Key Insights

The overall impact of wage on temporary disability (TD) duration is not a simple relationship. It is a result of intricate interactions with multiple factors, notably the injured worker age.

The average duration for high wage earners is the longest and that of low wage earners is the shortest.

The difference in duration among age groups is smallest for high wage earners.

The proportion of wage earners in the low and high wage earner groups varies by age.

The influence of wage on duration depends on claimant age. Keeping other factors constant,

  • For workers age 29 years and younger, low wage earners have a meaningfully shorter duration.

  • For workers in the age group 30 to 34, and those in the 64 and older age group, wage does not meaningfully influence duration.

  • For workers in age groups between 35 to 64, high wage earners have a meaningfully shorter duration.

Introduction

In the previous duration research brief Temporary Disability Duration in Workers Compensation—A First Look, we shared descriptive statistics of the average temporary disability (TD) duration for four key factors—State, Age Group, Economic Sector, and Body System and Medical Condition.

This research brief incorporates a sophisticated inference model to further examine temporary disability duration. Additionally, we investigate the question, “Does wage influence temporary disability duration?”

Duration Defined

We define TD duration as the number of days TD benefits were paid. This excludes any gaps in benefit payments. Exhibit 1 provides an illustration of an injured worker’s TD benefit payments with a compensable accident on January 1. As of the 12-month maturity, the claimant received 120 days’ worth of TD benefits over the following periods:

  • $50 per day between January 2 and April 10 for a total of 100 days
  • $45 per day between May 1 and May 20 for a total of 20 days

This claim was active for a total of 140 days. The injured worker received 120 days of TD benefit payments, the difference being the gap in payments from April 11 to April 30.

Exhibit 1: Illustration of Benefit Duration

Duration Metrics

Exhibit 2 below demonstrates that, on average, injured workers experienced a TD duration of approximately 95 days. Half of all claims exceed a duration of 55 days.

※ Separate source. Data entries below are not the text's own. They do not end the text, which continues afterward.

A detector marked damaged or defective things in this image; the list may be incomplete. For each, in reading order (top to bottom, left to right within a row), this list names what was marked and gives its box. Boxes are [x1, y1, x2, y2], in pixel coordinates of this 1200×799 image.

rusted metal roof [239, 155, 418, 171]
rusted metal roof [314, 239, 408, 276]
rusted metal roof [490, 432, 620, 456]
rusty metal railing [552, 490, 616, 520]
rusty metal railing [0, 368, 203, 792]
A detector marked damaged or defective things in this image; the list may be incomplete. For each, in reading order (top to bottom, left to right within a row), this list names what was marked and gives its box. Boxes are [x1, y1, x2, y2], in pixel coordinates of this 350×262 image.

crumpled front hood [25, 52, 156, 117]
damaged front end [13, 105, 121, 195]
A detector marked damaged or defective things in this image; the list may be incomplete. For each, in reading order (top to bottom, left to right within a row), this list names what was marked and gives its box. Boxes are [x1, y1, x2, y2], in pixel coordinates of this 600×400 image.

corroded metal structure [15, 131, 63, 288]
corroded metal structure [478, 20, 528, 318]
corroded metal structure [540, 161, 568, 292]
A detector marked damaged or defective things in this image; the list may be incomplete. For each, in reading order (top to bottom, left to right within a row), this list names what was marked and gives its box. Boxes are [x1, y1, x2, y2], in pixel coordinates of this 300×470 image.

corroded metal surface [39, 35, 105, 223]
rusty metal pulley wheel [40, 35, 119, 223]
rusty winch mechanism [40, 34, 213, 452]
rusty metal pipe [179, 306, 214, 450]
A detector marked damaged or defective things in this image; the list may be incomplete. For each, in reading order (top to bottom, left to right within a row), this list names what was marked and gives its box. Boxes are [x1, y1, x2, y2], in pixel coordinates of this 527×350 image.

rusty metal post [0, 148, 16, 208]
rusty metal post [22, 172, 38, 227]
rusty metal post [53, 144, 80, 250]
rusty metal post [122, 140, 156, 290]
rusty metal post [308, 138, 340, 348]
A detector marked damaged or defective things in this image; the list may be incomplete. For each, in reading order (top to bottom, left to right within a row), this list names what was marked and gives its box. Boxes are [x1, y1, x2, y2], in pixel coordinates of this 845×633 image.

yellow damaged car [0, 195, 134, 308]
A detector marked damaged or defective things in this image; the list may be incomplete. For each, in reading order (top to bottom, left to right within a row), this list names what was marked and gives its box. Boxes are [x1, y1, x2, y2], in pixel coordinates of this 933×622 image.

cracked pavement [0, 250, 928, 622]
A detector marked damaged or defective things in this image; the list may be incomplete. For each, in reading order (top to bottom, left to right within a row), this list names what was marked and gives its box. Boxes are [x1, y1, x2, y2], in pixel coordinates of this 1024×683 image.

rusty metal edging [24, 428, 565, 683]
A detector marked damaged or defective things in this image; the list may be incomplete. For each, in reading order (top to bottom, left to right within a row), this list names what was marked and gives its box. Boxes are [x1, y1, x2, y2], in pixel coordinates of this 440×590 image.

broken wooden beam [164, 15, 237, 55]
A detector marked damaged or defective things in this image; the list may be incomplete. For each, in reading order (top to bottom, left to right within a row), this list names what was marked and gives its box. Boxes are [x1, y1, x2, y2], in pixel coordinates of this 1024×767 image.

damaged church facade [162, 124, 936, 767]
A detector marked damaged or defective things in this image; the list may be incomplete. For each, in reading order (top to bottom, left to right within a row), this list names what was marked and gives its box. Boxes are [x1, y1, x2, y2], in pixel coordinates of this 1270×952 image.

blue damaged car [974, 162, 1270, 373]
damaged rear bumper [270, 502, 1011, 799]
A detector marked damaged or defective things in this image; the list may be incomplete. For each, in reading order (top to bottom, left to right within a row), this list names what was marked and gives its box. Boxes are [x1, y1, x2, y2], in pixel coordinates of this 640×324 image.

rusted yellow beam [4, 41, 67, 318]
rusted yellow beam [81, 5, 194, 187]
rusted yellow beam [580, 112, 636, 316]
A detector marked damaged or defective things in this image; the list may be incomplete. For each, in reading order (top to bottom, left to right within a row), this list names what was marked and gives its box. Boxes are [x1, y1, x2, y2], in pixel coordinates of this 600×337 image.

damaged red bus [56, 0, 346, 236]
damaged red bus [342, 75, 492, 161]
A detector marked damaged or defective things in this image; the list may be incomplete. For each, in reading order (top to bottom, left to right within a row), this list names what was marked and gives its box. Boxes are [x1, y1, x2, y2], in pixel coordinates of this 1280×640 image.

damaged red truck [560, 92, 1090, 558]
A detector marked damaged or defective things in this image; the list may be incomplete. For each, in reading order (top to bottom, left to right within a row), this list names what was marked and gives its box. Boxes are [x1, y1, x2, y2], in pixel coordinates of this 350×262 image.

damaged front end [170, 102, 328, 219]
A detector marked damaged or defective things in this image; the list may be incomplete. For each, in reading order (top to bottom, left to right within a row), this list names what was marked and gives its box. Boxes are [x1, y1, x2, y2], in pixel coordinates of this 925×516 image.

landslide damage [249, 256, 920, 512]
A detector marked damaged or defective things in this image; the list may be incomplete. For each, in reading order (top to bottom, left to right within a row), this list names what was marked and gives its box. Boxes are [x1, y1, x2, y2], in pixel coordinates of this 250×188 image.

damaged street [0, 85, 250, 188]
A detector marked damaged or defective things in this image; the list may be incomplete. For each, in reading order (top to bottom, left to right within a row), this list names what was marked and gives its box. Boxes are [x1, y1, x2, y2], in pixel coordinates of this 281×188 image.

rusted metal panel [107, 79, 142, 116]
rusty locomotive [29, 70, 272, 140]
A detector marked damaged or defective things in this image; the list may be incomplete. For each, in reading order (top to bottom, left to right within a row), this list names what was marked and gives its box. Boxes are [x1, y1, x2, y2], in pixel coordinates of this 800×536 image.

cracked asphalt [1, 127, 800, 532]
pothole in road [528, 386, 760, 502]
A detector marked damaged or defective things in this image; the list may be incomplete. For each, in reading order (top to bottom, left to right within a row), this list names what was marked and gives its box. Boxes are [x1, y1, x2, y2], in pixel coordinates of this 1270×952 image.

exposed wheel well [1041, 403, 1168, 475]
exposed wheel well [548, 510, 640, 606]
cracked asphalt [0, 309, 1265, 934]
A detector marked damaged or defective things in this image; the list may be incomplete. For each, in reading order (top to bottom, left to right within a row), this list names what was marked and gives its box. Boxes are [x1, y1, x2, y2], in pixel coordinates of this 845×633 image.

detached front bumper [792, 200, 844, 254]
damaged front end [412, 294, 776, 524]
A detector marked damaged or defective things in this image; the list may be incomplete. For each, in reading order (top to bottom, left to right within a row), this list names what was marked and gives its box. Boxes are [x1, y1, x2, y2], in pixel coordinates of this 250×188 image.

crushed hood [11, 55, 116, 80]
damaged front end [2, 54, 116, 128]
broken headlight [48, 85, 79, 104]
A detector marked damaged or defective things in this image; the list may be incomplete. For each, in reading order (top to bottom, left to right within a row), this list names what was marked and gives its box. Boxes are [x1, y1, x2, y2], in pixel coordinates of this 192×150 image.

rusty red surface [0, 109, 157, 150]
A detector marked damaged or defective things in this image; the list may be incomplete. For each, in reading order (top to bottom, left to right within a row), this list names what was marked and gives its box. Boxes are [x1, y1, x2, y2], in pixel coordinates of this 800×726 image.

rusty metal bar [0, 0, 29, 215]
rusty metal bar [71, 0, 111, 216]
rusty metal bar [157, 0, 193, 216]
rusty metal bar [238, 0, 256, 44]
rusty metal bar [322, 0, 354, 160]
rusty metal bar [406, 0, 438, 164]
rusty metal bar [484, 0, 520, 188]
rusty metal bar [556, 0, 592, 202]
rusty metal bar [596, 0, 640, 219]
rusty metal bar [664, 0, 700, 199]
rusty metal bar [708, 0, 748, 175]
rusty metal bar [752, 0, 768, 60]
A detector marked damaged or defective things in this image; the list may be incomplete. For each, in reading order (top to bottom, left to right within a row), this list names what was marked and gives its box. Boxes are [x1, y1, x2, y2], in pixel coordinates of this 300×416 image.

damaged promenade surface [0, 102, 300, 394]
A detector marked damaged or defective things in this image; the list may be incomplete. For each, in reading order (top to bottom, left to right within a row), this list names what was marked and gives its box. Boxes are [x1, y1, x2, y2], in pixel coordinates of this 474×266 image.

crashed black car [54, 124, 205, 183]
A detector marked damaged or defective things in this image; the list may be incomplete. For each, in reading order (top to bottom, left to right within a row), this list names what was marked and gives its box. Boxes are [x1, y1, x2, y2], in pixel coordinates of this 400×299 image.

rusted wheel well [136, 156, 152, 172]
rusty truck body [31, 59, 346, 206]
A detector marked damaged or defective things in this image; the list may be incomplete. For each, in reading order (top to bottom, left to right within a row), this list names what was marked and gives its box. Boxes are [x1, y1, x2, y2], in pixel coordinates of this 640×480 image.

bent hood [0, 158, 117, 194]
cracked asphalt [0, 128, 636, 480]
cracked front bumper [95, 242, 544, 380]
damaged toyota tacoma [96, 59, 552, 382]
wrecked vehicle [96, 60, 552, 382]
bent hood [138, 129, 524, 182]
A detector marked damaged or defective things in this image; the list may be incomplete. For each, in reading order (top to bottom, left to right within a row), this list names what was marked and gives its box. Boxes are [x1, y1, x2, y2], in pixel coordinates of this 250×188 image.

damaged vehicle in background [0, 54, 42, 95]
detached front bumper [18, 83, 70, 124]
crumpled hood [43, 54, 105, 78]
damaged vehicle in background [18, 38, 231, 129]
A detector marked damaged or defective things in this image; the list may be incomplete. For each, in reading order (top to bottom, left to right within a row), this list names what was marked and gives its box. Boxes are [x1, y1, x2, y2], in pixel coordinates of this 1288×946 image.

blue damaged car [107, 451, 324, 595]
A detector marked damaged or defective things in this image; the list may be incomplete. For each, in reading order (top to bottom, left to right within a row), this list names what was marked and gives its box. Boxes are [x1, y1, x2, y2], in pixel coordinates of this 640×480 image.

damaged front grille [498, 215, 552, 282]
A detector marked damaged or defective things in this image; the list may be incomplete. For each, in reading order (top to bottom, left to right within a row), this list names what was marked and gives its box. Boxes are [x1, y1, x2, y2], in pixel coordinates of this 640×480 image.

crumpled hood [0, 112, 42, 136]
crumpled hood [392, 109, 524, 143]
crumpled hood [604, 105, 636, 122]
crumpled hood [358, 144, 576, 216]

The mass point at the tail of the distribution is due to the data being truncated at 365 days from the accident date. In the last week of the observation period, 13% of all claims are still receiving TD benefit payments.

Exhibit 2: Overall distribution of Temporary Disability Duration

Wage Groups

We determine wage groups based on the ratio of the injured worker wage to the State Average Weekly Wage (SAWW).

In this brief, we define three wage groups as follows:

  • Low—Injured workers with pre-injury wage lower than 50% of the SAWW (green)
  • Base—Injured workers with pre-injury wage between 50% and 150% of the SAWW (pink)
  • High—Injured workers with pre-injury wage greater than 150% of the SAWW (blue)

A state agency publishes the SAWW anywhere from 6 to 23 months after the beginning of the measurement period. In periods of high wage inflation, the SAWW lag may result in a temporary situation where the percentage of high wage injured workers increases compared to historical norms. For more information on the impact of changes in the macro-economic conditions can impact the percentage of high wage or low wage workers, see NCCI’s research brief, Why Wage Inflation Matters in Workers Compensation.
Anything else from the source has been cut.